Rubiletz was an autobody repair technician for thirty years before suffering a workplace injury. He subsequently took high school upgrading courses, and entered a career in journalism. He has also been a spokesman for Royal Canadian Legions in Manitoba. He has campaigned for the Progressive Conservative Party on two occasions.

Electoral record
| Election | Division | Party | Votes | % | Place | Winner |
|---|---|---|---|---|---|---|
| 1988 provincial | Concordia | Progressive Conservative | 2,634 | 26.83 | 3/5 | Gary Doer, New Democratic Party |
| 1990 provincial | Concordia | Progressive Conservative | 1,937 | 24.56 | 2/5 | Gary Doer, New Democratic Party |

==Osborne: Sondra Braid==

Braid (March 8, 1964—November 15, 2004) was a lawyer and teacher. She was born in Winnipeg, and held a Bachelor of Arts degree from the University of Manitoba and a Bachelor of Laws from the University of Western Ontario. She was called to the Manitoba bar in 1988, and worked for the firm of Newman, MacLean and Associates and later Wilder, Wilder and Langtry. She received 2,859 votes (29.17%) in 1990, finishing third against Liberal incumbent Reg Alcock.

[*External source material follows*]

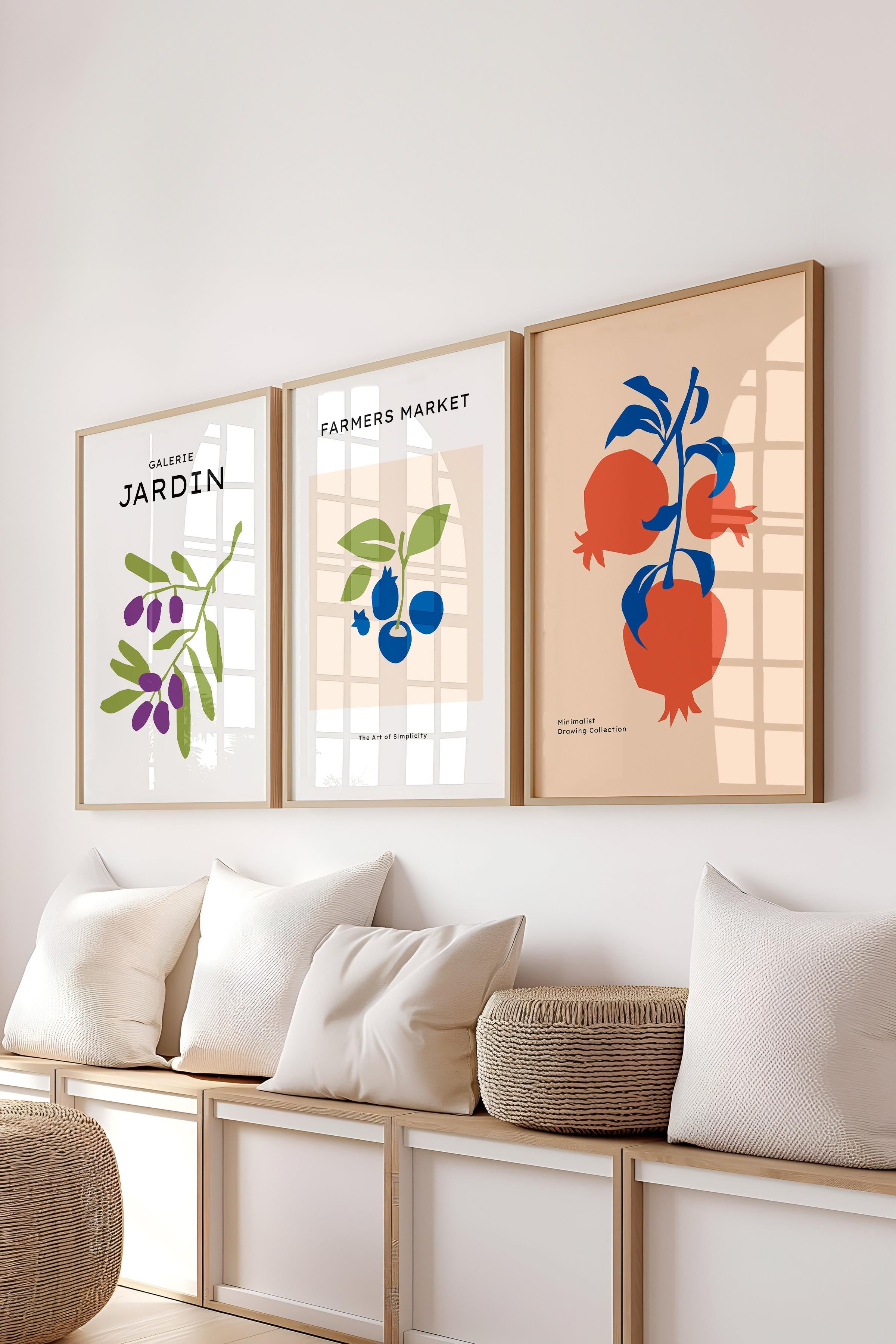 Çerçeveli Tablo Seti, 3 Adet Ahşap Çerçeve ve Minimalist Temalı Poster Seti, Duvar Tablosu No:300453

She moved to Brainerd, Minnesota after her marriage, and worked as a county court administrator. She then moved to Texas in 1996, and received a teaching certificate from Southwest Texas State University in 1999. She moved to South Korea in 2004 to teach English as a Second Language, but died of pneumonia related complications later in the year. Her obituary was printed by the Winnipeg Free Press on November 25, 2004, and is available online here.

==Point Douglas: Calvin Pompana==

Pompana is an aboriginal activist in Manitoba, Canada. He is an elder in the Dakota tribe from the Sioux Valley River first nation, and has been involved in several aboriginal outreach efforts in Manitoba. During the 1980s, he served as president of the Urban Indian Association (Winnipeg Free Press, 29 August 1990).

As of 2005, Pompana assists aboriginal youth in Winnipeg with job-training, in conjunction with the Urban Indian Association of Winnipeg and AMC Research and Policy Development. A former student in Canada's residential school system, he has provided assistance to other former students who were victimized in the system. Pompana is also an artist, and has worked in cultural activities such as storytelling, singing and dancing in native communities.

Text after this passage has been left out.